In [1]:
import numpy as np
from scipy import stats

# One Variable $\chi^2$ Test (Goodness of fit)

### Dataset
A researcher wants to investigate whether the distribution of blood types among a population of 100 individuals matches the expected distribution based on the ABO blood group system. The expected distribution of blood types in the population based on the ABO system is as follows:

    [O,A,B,AB]

In [2]:
expected = np.array([ .45, .4, .11, .04])

The observed distribution of blood types among the 100 individuals is:

In [3]:
observed = np.array([.48,.32,.16,.04])

### Research Problem
Is the distribution of blood types in the population significantly different from the expected distribution based on the ABO blood group system?
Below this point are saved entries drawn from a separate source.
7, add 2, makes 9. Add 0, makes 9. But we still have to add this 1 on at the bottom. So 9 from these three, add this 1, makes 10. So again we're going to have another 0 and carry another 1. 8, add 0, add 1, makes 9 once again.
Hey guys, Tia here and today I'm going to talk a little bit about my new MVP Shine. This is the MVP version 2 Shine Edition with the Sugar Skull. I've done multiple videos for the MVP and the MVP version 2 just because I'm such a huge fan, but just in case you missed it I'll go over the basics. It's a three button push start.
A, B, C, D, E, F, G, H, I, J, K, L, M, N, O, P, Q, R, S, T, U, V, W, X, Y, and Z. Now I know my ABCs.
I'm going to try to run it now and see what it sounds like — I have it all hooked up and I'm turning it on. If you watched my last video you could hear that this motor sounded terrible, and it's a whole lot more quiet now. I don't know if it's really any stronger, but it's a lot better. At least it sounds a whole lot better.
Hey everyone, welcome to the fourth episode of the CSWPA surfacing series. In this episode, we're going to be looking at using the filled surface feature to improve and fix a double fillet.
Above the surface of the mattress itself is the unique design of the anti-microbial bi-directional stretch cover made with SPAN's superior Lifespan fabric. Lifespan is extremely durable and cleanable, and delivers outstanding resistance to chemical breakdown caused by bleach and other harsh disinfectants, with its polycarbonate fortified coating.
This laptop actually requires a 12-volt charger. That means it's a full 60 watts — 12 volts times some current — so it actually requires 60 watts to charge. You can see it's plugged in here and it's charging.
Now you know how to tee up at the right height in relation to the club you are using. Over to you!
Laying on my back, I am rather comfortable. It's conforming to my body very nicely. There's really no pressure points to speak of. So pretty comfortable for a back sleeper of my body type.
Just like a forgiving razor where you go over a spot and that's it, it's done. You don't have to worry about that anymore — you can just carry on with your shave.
### Statistical Hypotheses
$$
H_0: P_O .45; P_A .4; P_B .11; P_{AB} .04 \\
H_1: H_0 ~is~ false
$$

In [4]:
alpha = 0.05
df = 3 # k-1->4-1

In [5]:
Chi_critical =stats.chi2.ppf(1-alpha,df)
Chi_critical

7.814727903251179

### Decision Rule
Reject $H_0$ at the .05 level of significance if $χ2 ≥ 7.814$

### Calculation

$$
f_e = 
(expected~proportion)(total~ sample~ size)
$$
![image.png](attachment:image.png)

In [6]:
f_e = expected * 100
f_o = observed * 100

In [7]:
Chi_2 = np.sum((f_o - f_e)**2/f_e)

In [8]:
Chi_2 >= Chi_critical,Chi_2

(False, 4.072727272727273)

### Decision
Retain $H_0$ at the .05 level of significance because χ2 = 6.43.

### Interpretation
the distribution of blood types in the population does not differs from the expected distribution based on the ABO blood group system.

# Two Variable $\chi^2$ Test

### Dataset
Imagine you have conducted a survey of 1000 people, asking them whether they prefer tea or coffee and whether they are early birds or night owls. The results are as follows:

|  | Early birds | Night owls |
|----------|------------|------------|
| Tea      | 400        | 100        |
| Coffee | 300        | 200        |


In [9]:
data = np.array([[400, 100], [300, 200]])

### Research Problem
Is there a relationship between preferred beverage (tea or coffee) and whether someone is an early bird or a night owl?

### Statistical Hypotheses
$H_0$: There is no significant relationship between preferred beverage and whether someone is an early bird or a night owl.

$H_1$: $H_0$ is false


In [10]:
c,r = data.shape

In [11]:
alpha = 0.05
df = (c-1)*(r-1)

In [12]:
Chi_critical = stats.chi2.ppf(1-alpha,df)
Chi_critical

3.841458820694124

### Decision Rule
Reject $H_0$ at the .05 level of significance if $χ2 ≥ 3.841$

### Calculation
![image.png](attachment:image.png)


In [13]:
col_tot = np.sum(data,axis=0)
row_tot = np.sum(data,axis=1)
grand_tot = np.sum(col_tot)

In [14]:
f_e = row_tot.reshape(-1,1) * col_tot / grand_tot

In [15]:
Chi_2 = np.sum((data - f_e)**2/f_e)

In [16]:
Chi_2 >= Chi_critical,Chi_2

(True, 47.61904761904762)

### Decision
Reject $H_0$ at the .05 level of significance because χ2 = 47.61.

### Interpretation
the distribution of blood types in the population does not differs from the expected distribution based on the ABO blood group system.